__The records__.
★ ★ ★ ★
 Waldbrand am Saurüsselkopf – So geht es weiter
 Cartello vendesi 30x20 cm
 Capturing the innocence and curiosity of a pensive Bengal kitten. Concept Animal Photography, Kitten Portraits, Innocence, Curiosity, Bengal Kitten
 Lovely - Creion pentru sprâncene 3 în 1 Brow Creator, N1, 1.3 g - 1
★ ★ ★ ★
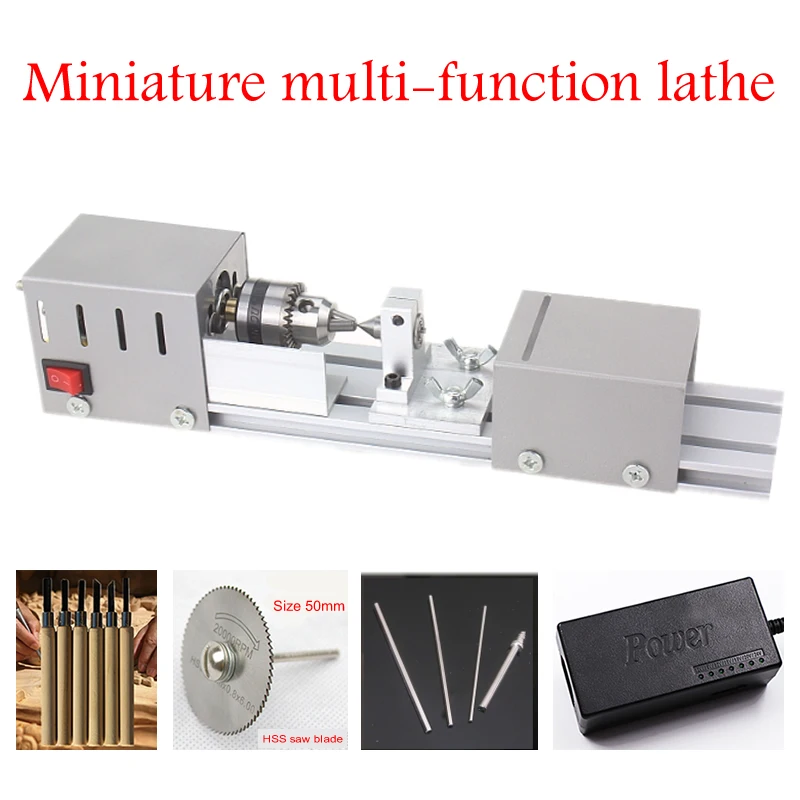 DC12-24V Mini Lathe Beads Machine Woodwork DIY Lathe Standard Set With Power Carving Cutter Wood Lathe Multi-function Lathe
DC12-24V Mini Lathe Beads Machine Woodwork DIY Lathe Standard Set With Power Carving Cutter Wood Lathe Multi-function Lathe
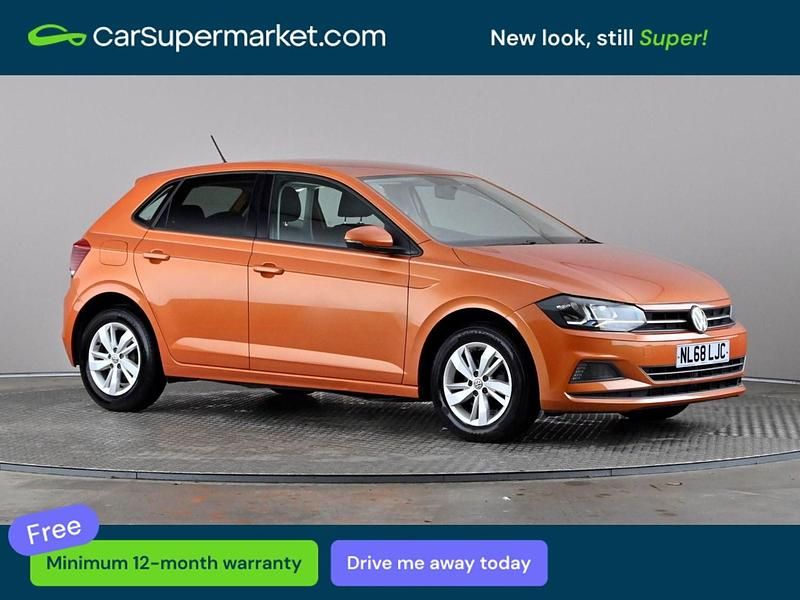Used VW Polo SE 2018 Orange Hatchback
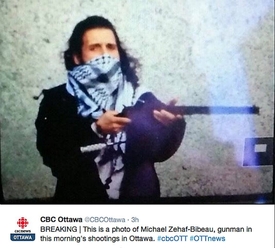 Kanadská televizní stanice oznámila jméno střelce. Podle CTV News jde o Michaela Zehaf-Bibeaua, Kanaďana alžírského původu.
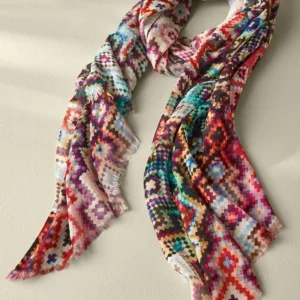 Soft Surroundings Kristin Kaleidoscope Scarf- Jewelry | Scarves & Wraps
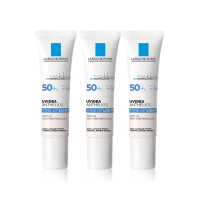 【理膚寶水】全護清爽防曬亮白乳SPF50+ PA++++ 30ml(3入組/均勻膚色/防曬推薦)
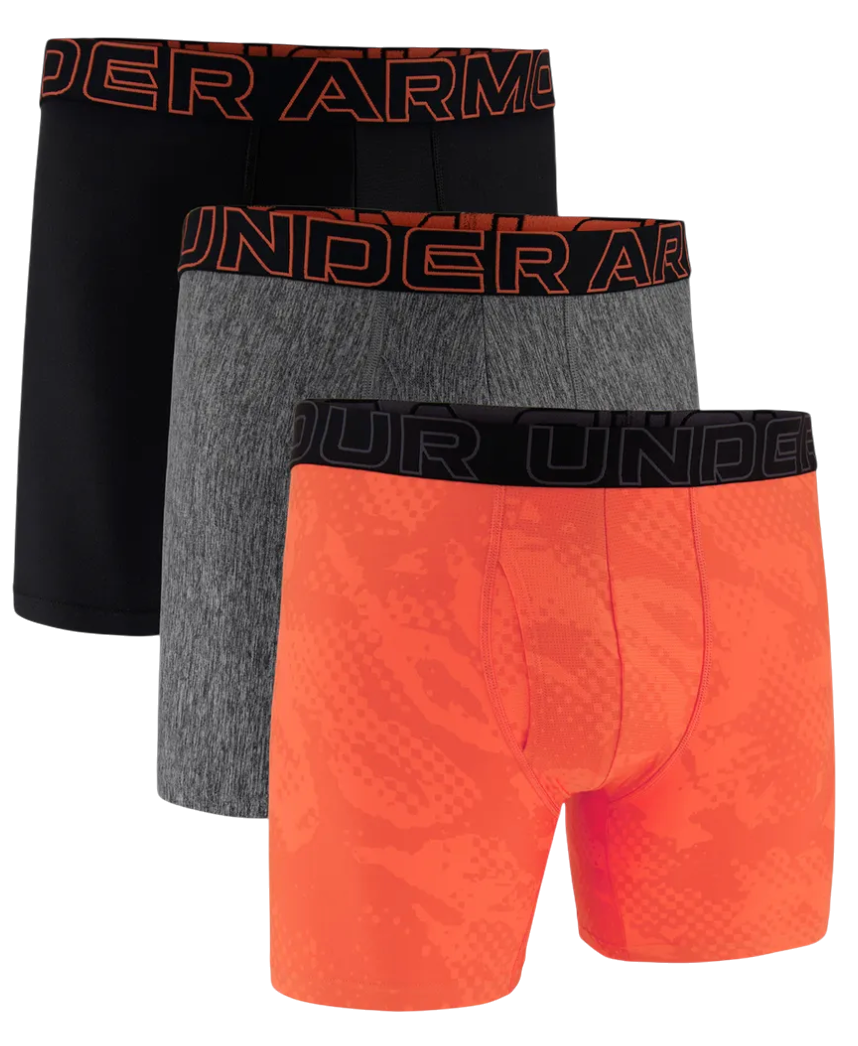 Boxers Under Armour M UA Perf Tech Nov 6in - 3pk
★ ★ ★ ★
__Work required__. A verbatim transcription is needed of the lines above, starting at the line with "Waldbrand am Saurüsselkopf" and ending at the line with "Lovely - Creion", both included, and of nothing else.

__Output for this task__.
 Waldbrand am Saurüsselkopf – So geht es weiter
 Cartello vendesi 30x20 cm
 Capturing the innocence and curiosity of a pensive Bengal kitten. Concept Animal Photography, Kitten Portraits, Innocence, Curiosity, Bengal Kitten
 Lovely - Creion pentru sprâncene 3 în 1 Brow Creator, N1, 1.3 g - 1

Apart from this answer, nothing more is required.